* [Directions]
Your answer must be the lines from the first one in the material through the line with "طقم رياضي من الصوف المخلوط للرجال", retyped exactly and with no pictures.
○ ○ ○
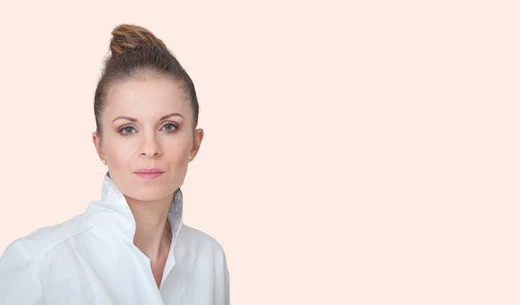 „Alespoň základní kosmetické přípravky by měly být stejně samozřejmé, jako třeba zubní pasta,” doporučuje kosmetička Lucie Urbánková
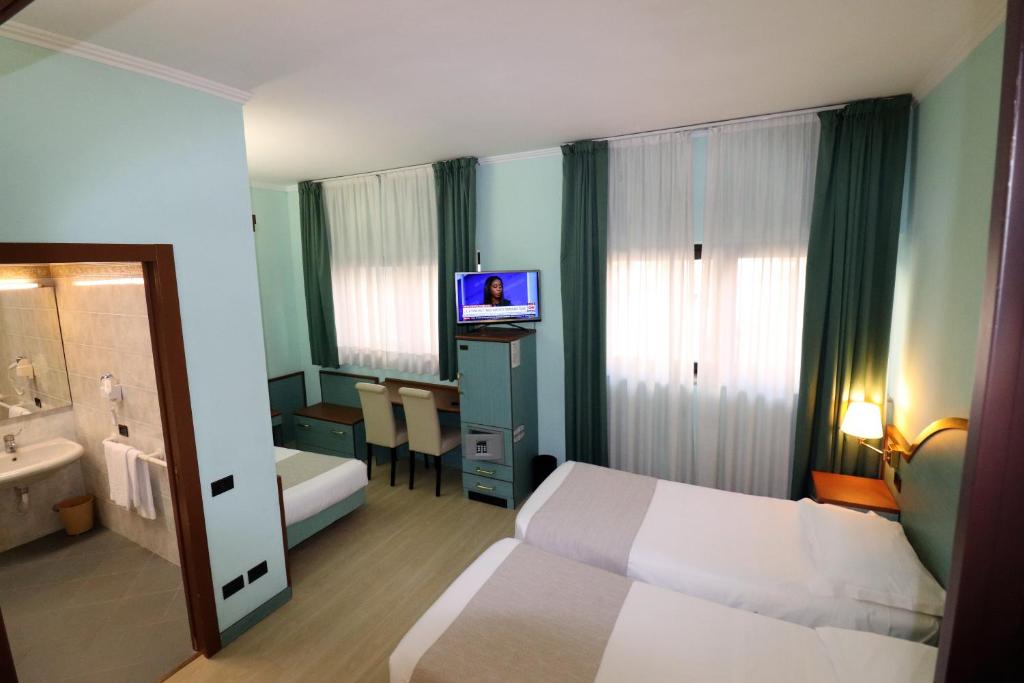Postel nebo postele na pokoji v ubytování Hotel Domenichino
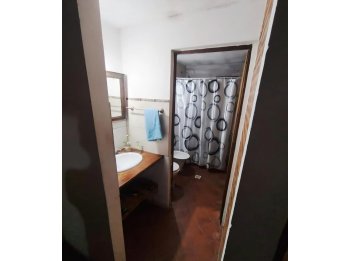 VENTA CASA DE 3 DORMITORIOS ZONA ESCUELA DE POLICIAS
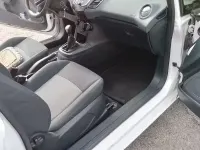 Usata Ford Fiesta 63 CV (46 kW) 2011 Bianco Furgone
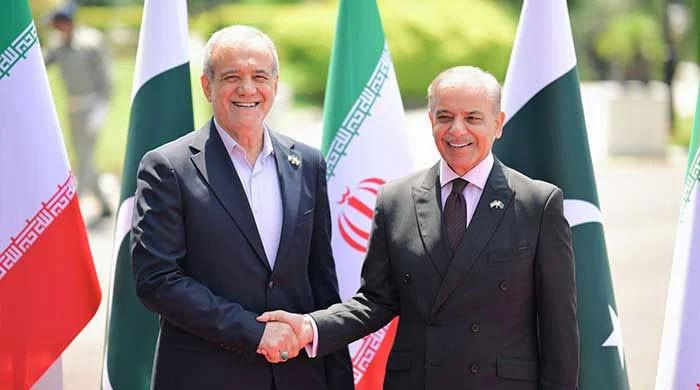 وزیراعظم سے ٹیلیفونک رابطہ، ایرانی صدر نے شہباز شریف، فیلڈ مارشل اور ڈار کی امن کاوشوں میں اہم کردار پر شکریہ ادا کیا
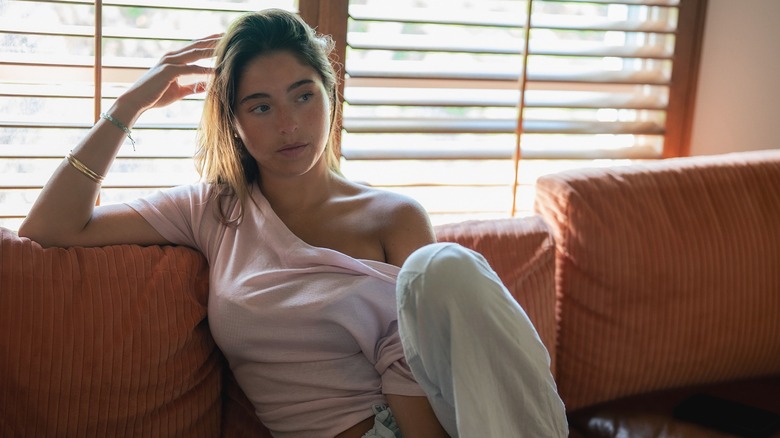 Une photo de Lola Consuelos assise sur un canapé, une main sur la tête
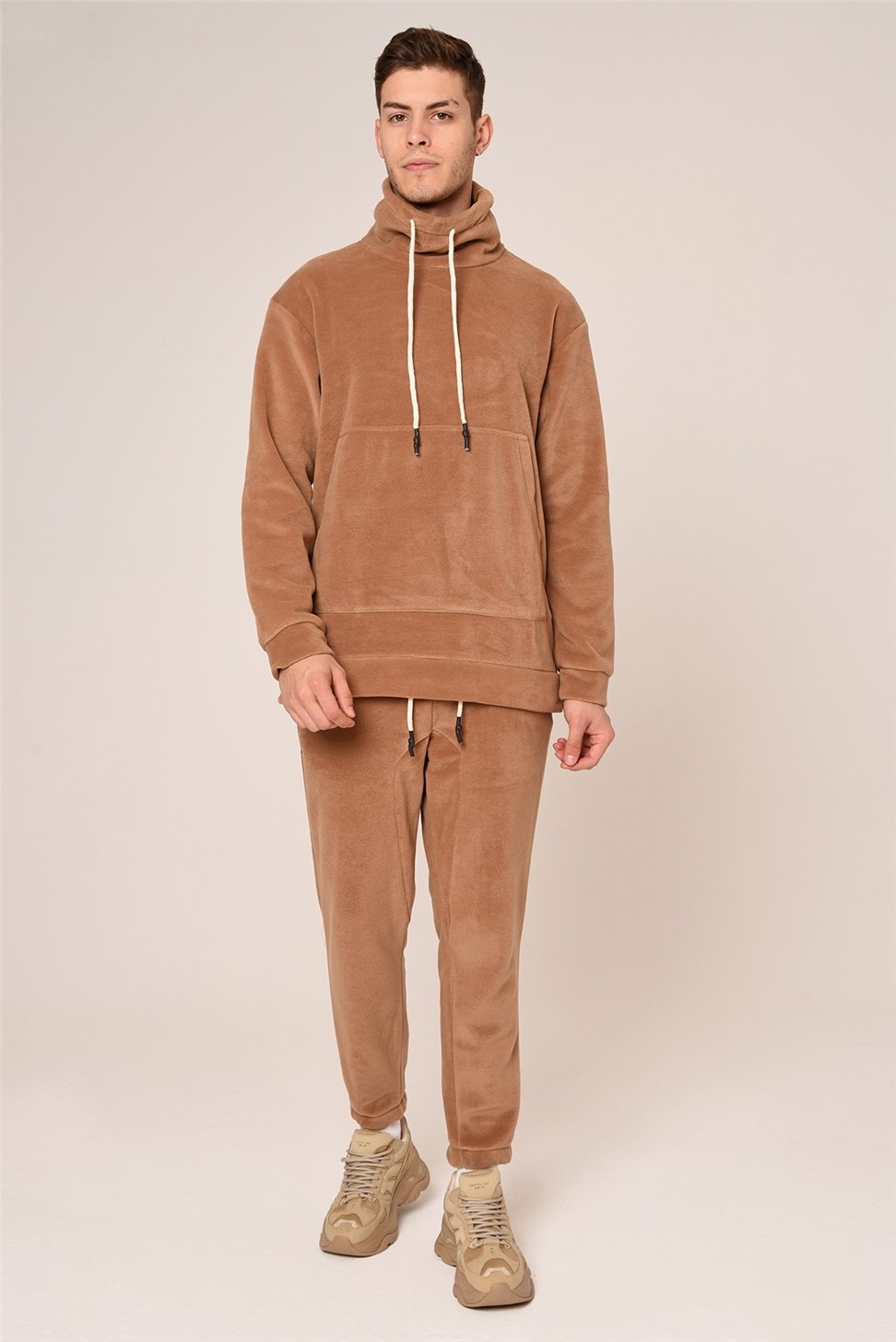 طقم رياضي من الصوف المخلوط للرجال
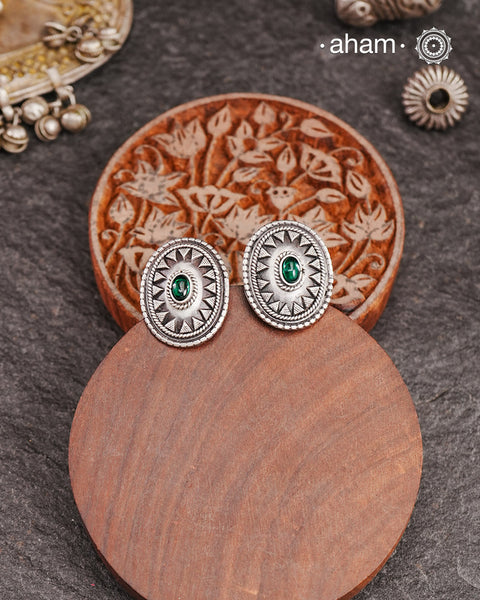 Expertly handcrafted in Kolhapur, these 92.5 sterling silver earrings are made by skilled artisans. Their lightweight design makes them ideal for everyday wear.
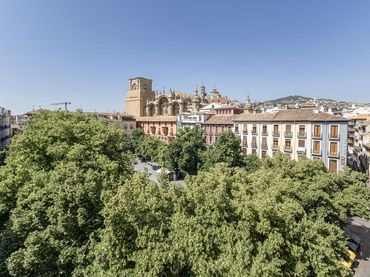 Piso con balcón en venta en Calle Príncipe 13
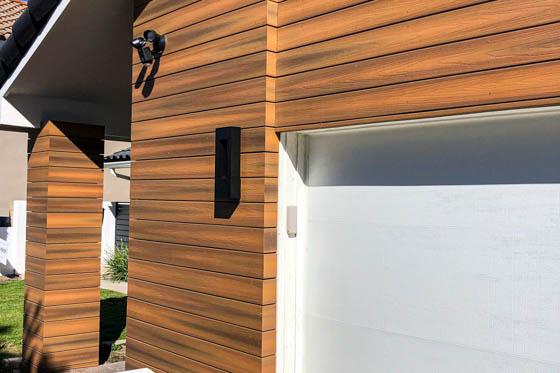 Garage door and roof support pole cladded in wood Fiberon with inlay lighting and motion sensing lights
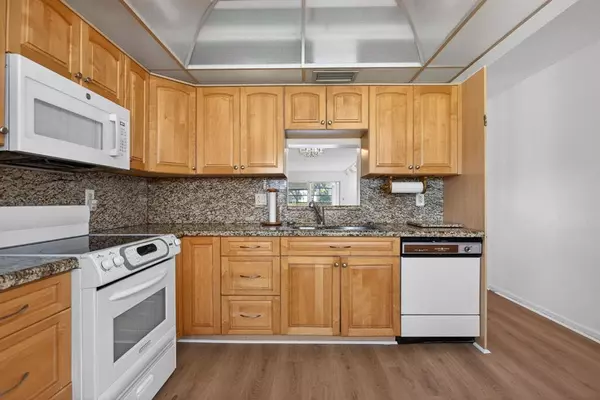 Coconut Creek, FL 33066,3101 Portofino Pt #A1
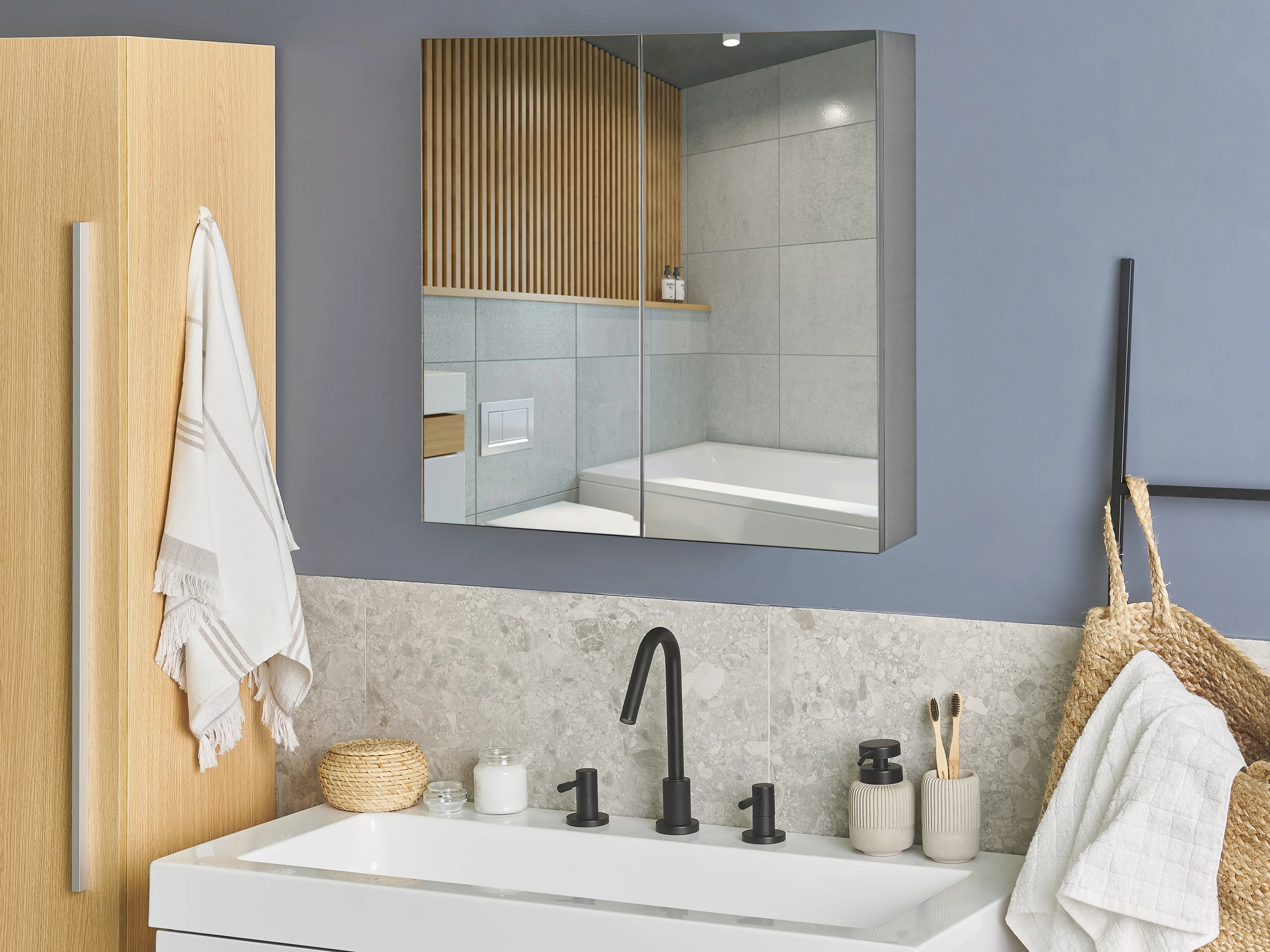 Badkamer wandkast met spiegel NAVARRA 60 cm 60 cm Zwart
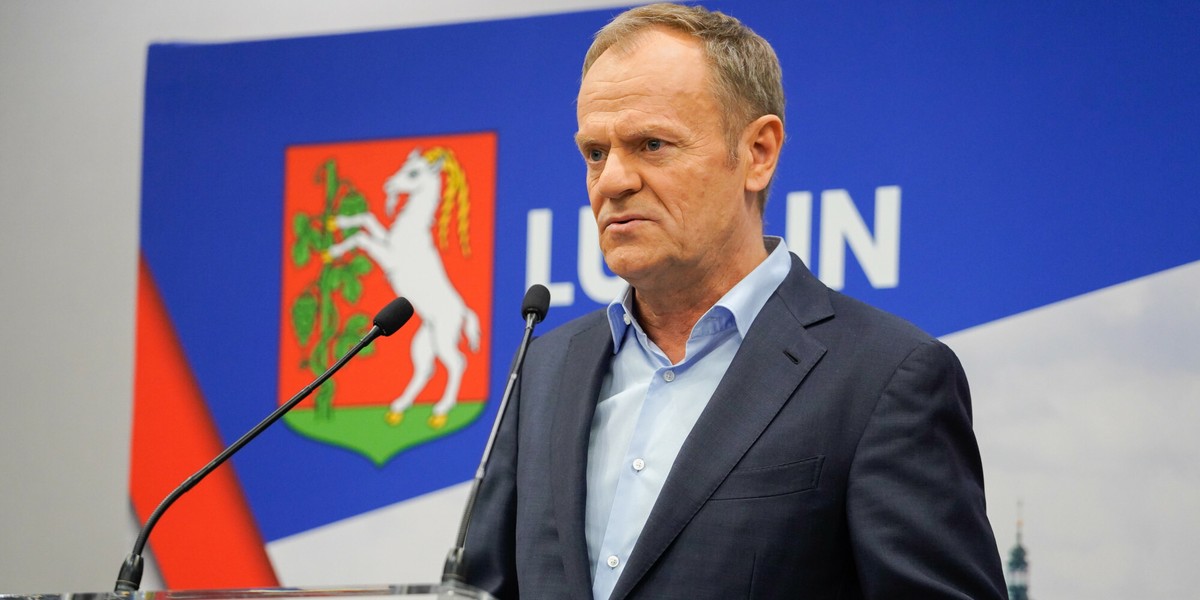 Szef PO Donald Tusk niegdyś pracował fizycznie w fabryce soków.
○ ○ ○
* [Completed task]
 „Alespoň základní kosmetické přípravky by měly být stejně samozřejmé, jako třeba zubní pasta,” doporučuje kosmetička Lucie Urbánková
Postel nebo postele na pokoji v ubytování Hotel Domenichino
 VENTA CASA DE 3 DORMITORIOS ZONA ESCUELA DE POLICIAS
 Usata Ford Fiesta 63 CV (46 kW) 2011 Bianco Furgone
 وزیراعظم سے ٹیلیفونک رابطہ، ایرانی صدر نے شہباز شریف، فیلڈ مارشل اور ڈار کی امن کاوشوں میں اہم کردار پر شکریہ ادا کیا
 Une photo de Lola Consuelos assise sur un canapé, une main sur la tête
 طقم رياضي من الصوف المخلوط للرجال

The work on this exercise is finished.